Electrodynamics near the metal-to-insulator transition in ${\mathrm{V}}_3{\mathrm{O}}_5$

The electrodynamics near the metal-to-insulator transitions induced, in ${\mathrm{V}}_3{\mathrm{O}}_5$ single crystals, by both temperature $\left(T\right)$ and pressure $\left(P\right)$ has been studied by infrared spectroscopy. The $T$ and $P$ dependence of the optical conductivity may be explained within a polaronic scenario. The insulating phase at ambient $T$ and $P$ corresponds to strongly localized small polarons. Meanwhile the $T$-induced metallic phase at ambient pressure is related to a liquid of polarons showing incoherent dc transport, in the $P$-induced metallic phase at room $T$ strongly localized polarons coexist with partially delocalized ones. The electronic spectral weight is almost recovered, in both the $T$- and $P$-induced metallization processes, on an energy scale of $1\mathrm{eV}$, thus supporting the key role of electron-lattice interaction in the ${\mathrm{V}}_3{\mathrm{O}}_5$ metal-to-insulator transitions.

Figure 1

(Color online) $\left(P\text{−}T\right)$ Pictorial phase diagram of ${\mathrm{V}}_3{\mathrm{O}}_5$ as determined in Ref. 7. The AF order is found at ambient pressure below $T_N=75\mathrm{K}$. The thick curve represents the $P$ dependence of $T_N$ (Ref. 8). The measurements performed in this paper vs both $T$ and $P$ have been collected over the black markers shown in figure.

Figure 2

(Color online) Full-scale temperature dependence of $R\left(\omega \right)$, and its far-infrared behavior (inset).

Figure 3

(Color online) Real part of the optical conductivity ${\sigma }_1\left(\omega \right)$ at various temperatures.

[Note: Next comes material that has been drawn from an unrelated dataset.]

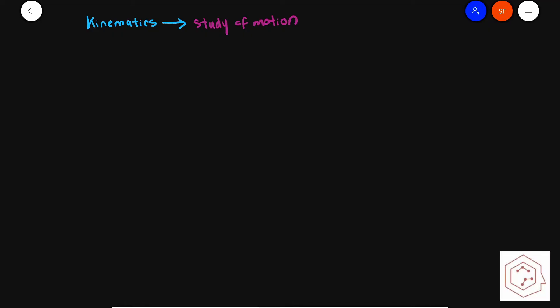Today we're going to be talking about kinematics terms and the equations of motion. Kinematics is the study of motion. Let's differentiate between what a scalar is and what a vector is, because these will be very important in kinematic equations.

Diamonds are ${\sigma }_{\mathrm{dc}}$ data from resistivity measurements of Ref. 10. In the inset the MIR peak frequency $\left({\omega }_{\mathrm{MIR}}\right)$ and its half-width at half-maximum $\left({\Gamma }_{\mathrm{MIR}}\right)$, as a function of temperature are shown. Those values have been obtained by a Drude-Lorenz fit of the optical conductivity (see text).

Figure 4

(Color online) Spectral weight as a function of frequency at given temperatures. In the inset both the $T$ dependence of the phonon-subtracted SW at $800{\mathrm{cm}}^{-1}$ and the dc conductivity (from Ref. 10) are shown.

Figure 5

(Color online) Upper panel: reflectivity curves measured at the sample-diamond interface are shown at room $T$ for selected pressures and compared to the ambient pressure (black line) sample-diamond reflectivity (see text). Thin continuous lines are fitting curves obtained by a Drude-Lorentz model (see text): only two of them are shown for clarity. In the inset, the quantity $\Delta R∕R$ is shown at $1600{\mathrm{cm}}^{-1}$. The dashed line is a phenomenological sigmoid fit to data. Lower panel: Optical conductivity curves obtained by the fitting parameters, compared with the ambient $P\text{−}T$ conductivity. Diamond symbols are ${\sigma }_{\mathrm{dc}}$ data from resistivity measurements of Ref. 7. Thin dashed lines are the HF- and the LF-MIR components of the fit for $P=9.8\mathrm{GPa}$ data. In the inset both the total spectral weight and that of the MIR components is shown.